(Collected data entries)
______
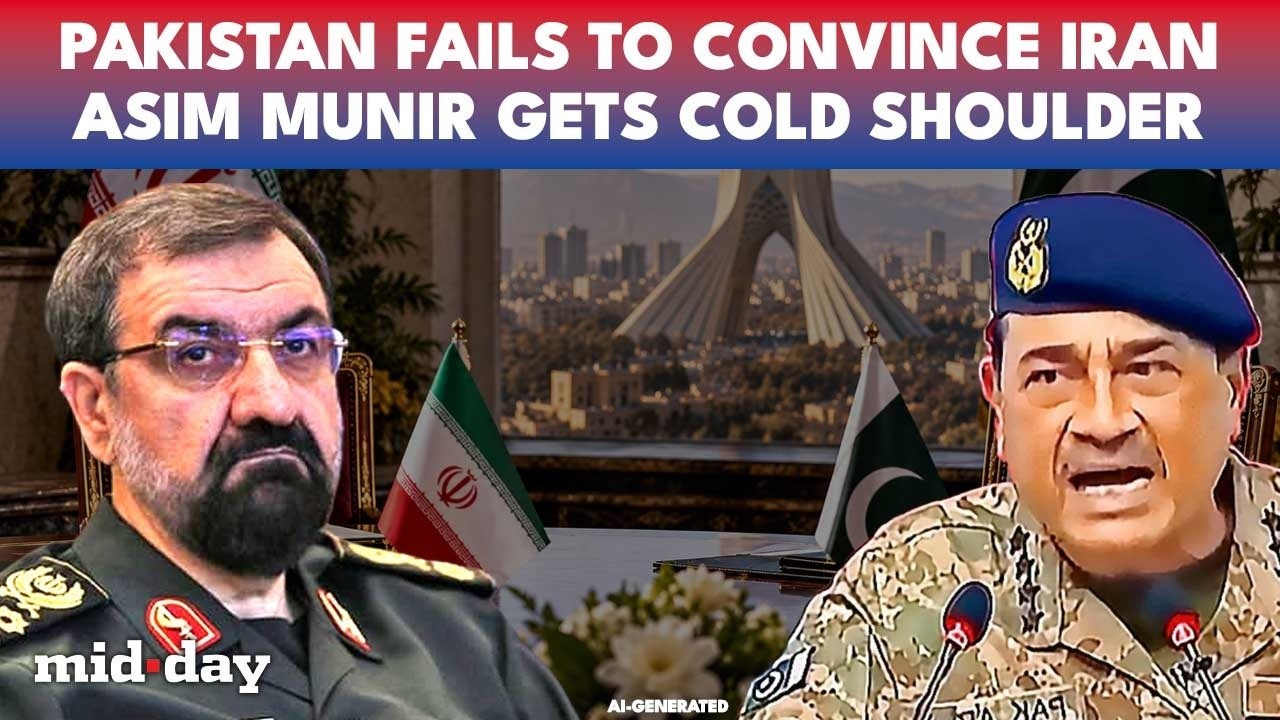 Trump&rsquo;s &lsquo;Messenger Pigeon&rsquo; Asim Munir INSULTED In Iran? Cold Reception, Rejected Deal SLAPPED On Pak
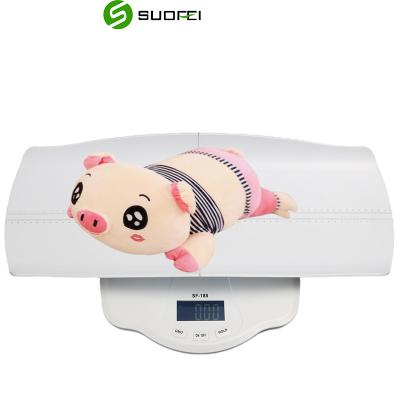 China With Smart Digital Scale Tray Infant 100kg Mother And Baby Hospital Baby And Adult Weighting Electronic Scale for sale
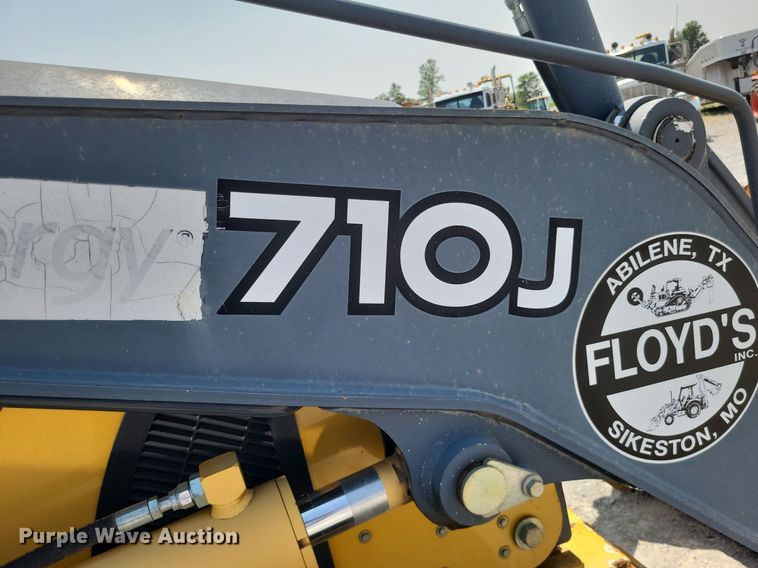image for item DP5177 2010 John Deere 710J  backhoe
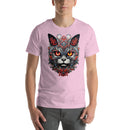 Tattoo Cat Mandala | Unisex t-shirt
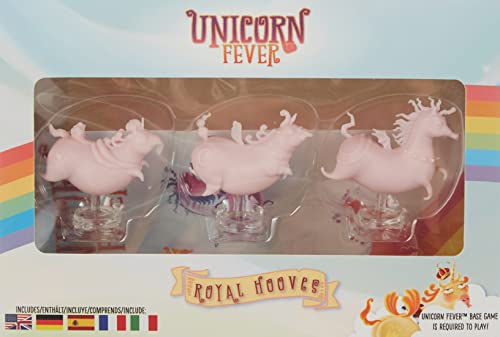 Horrible Games Cranio Creations Unicorn Fever Royal Hooves HG035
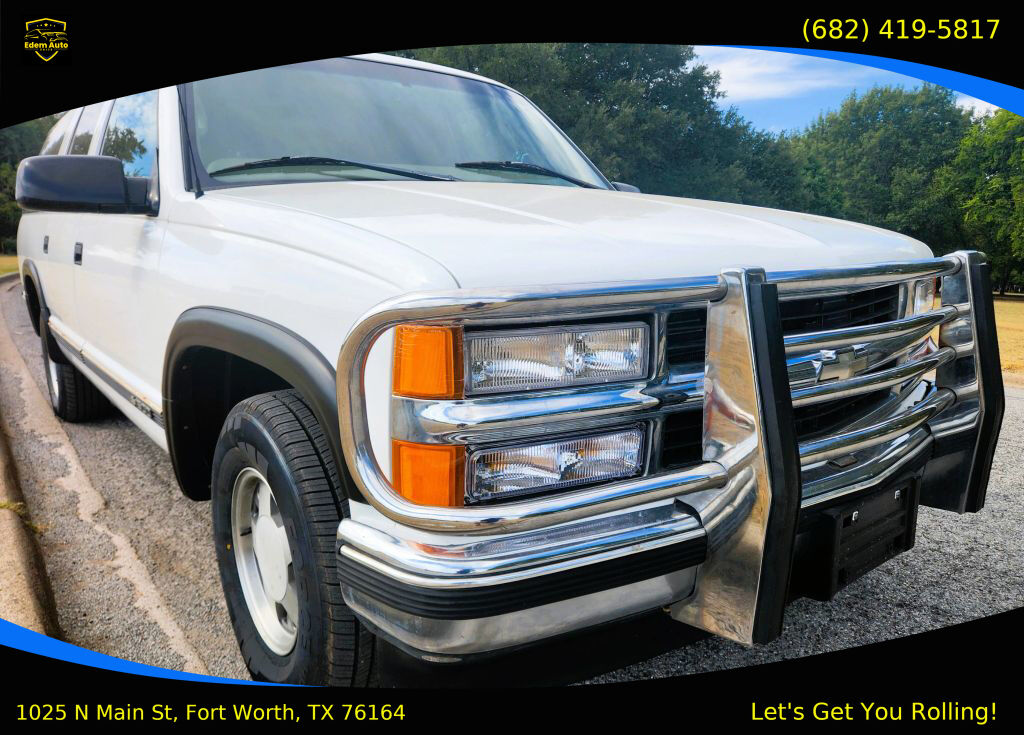 1998 CHEVROLET Suburban
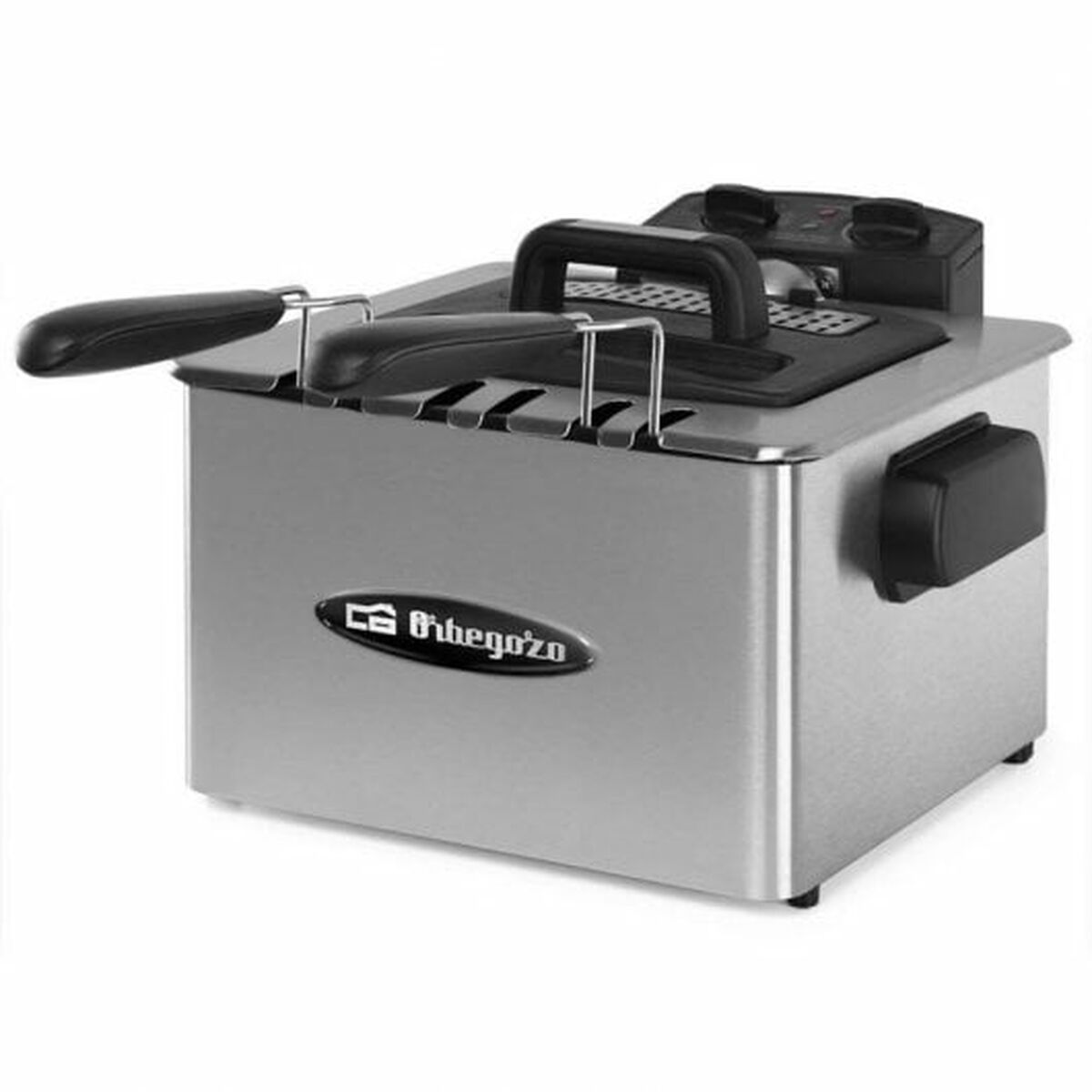 Deep-fat Fryer Orbegozo FDR 55 Steel 2180 W 4,5 L - CA International   #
______
WORK REQUEST -> In your copy, repeat each record exactly and include no pictures.

COMPLETED TASK ->
 Trump&rsquo;s &lsquo;Messenger Pigeon&rsquo; Asim Munir INSULTED In Iran? Cold Reception, Rejected Deal SLAPPED On Pak
 China With Smart Digital Scale Tray Infant 100kg Mother And Baby Hospital Baby And Adult Weighting Electronic Scale for sale
image for item DP5177 2010 John Deere 710J  backhoe
 Tattoo Cat Mandala | Unisex t-shirt
 Horrible Games Cranio Creations Unicorn Fever Royal Hooves HG035
 1998 CHEVROLET Suburban
 Deep-fat Fryer Orbegozo FDR 55 Steel 2180 W 4,5 L - CA International   #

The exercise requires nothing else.